Expanding Utilities Into Your Addition

Make sure your electrical and plumbing systems can handle the additional square footage
INTERIOR - Master Suite Bathroom - Karl Crowton installs plumbing.


INTERIOR - Master Suite Bathroom - Karl Crowton installs plumbing.

Photo by: Fred Hayes

Fred Hayes

By: Oliver Marks

Building an addition means expanding your home's existing electrical, plumbing, heating and cooling system into the new space. And that can get a bit complicated, for two main reasons: 1) The equipment that runs these systems for your house (particularly the electrical service panel, the furnace and the air conditioner) may not be large enough to accommodate expansion, and 2) the wiring and plumbing used today is probably a lot different than what's in your house already. Here's what you'll need to consider when adding onto your house's utilities:

The Heating and Cooling System. Your contractor, or more specifically, his plumbing subcontractor, will do a calculation based on a number of factors like cubic living space and location of windows to determine whether your existing equipment can handle the additional load of the new living space you're building. If it can't, you'll have the choice between upgrading it or installing a separate HVAC unit for the new space, says Castle Rock, Colo., design-build contractor Dean Bennett. In fact, even if your old system can handle expansion, adding a separate HVAC system has many advantages.

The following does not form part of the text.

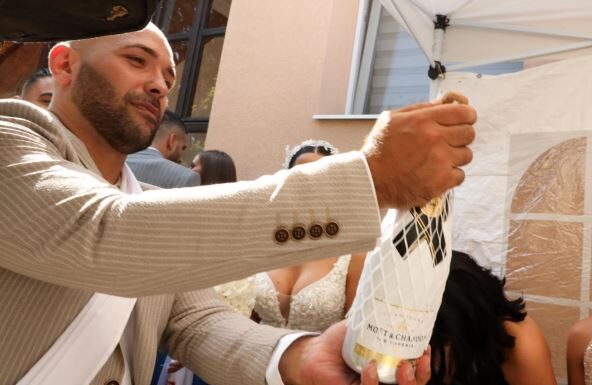 Ko je bio poginuli brat Darka Lazića Dragan imao 80 nastupa godišnje, nije ga zanimala estrada, iza sebe ostavio 2 ćerke Ko je bio poginuli brat Darka Lazića Dragan imao 80 nastupa godišnje, nije ga zanimala estrada, iza sebe ostavio 2 ćerke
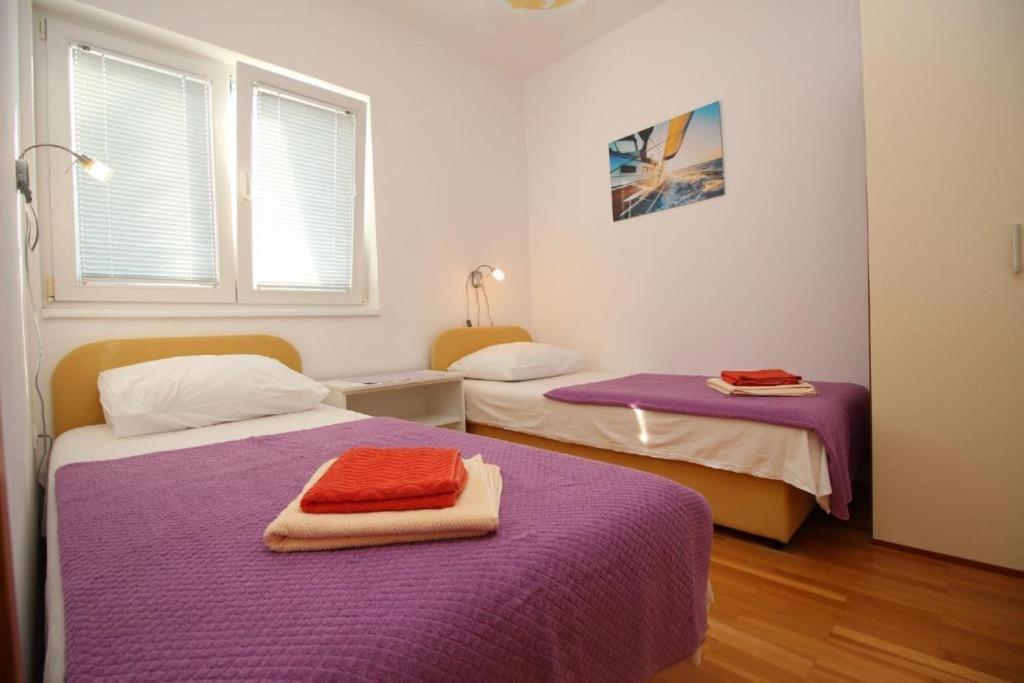 Apartmani Zec Šilo Esterno foto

The Electric Panel. Your electrician will inspect the electrical service panel—that gray box with the circuit breakers inside—to see if it can handle the additional circuits for your new space. If the overall power supply coming into the house isn't sufficient (200 amps is standard these days, compared to 100 or even just 40 amps in some older homes), he'll have to upgrade that, typically for around $1,000. And if the panel itself doesn't have enough open slots for the new wiring you'll need, he'll either replace the panel with a larger one or install a secondary panel, for several hundred dollars. Then your house will be ready to power the lights, appliances and outlets of your new space.

Wiring and Pipes. The big difference between today's power, water and waste lines and what was used just a few decades ago is plastic. Modern wiring is coated in thick plastic that is far safer than the paper and metal wrapped wires used in older homes. Waste pipes are now rigid plastic piping that's "soldered" together with glue. And the latest trend is toward plastic water supply lines, called PEX. These flexible hoses actually cost more than copper but they're so much simpler to install that the bottom line is about the same to the homeowner—and PEX (cross linked polyethylene tubing) is rapidly overtaking copper as the industry standard for water supply and hot-water heat pipes, says Woodcliff Lake, N.J. design-build contractor Rob Wennersten. The good news is that the modern plastic materials can easily be retrofitted into an old house. The only question will be how much of the old plumbing and wiring you want to replace too, while you're at it.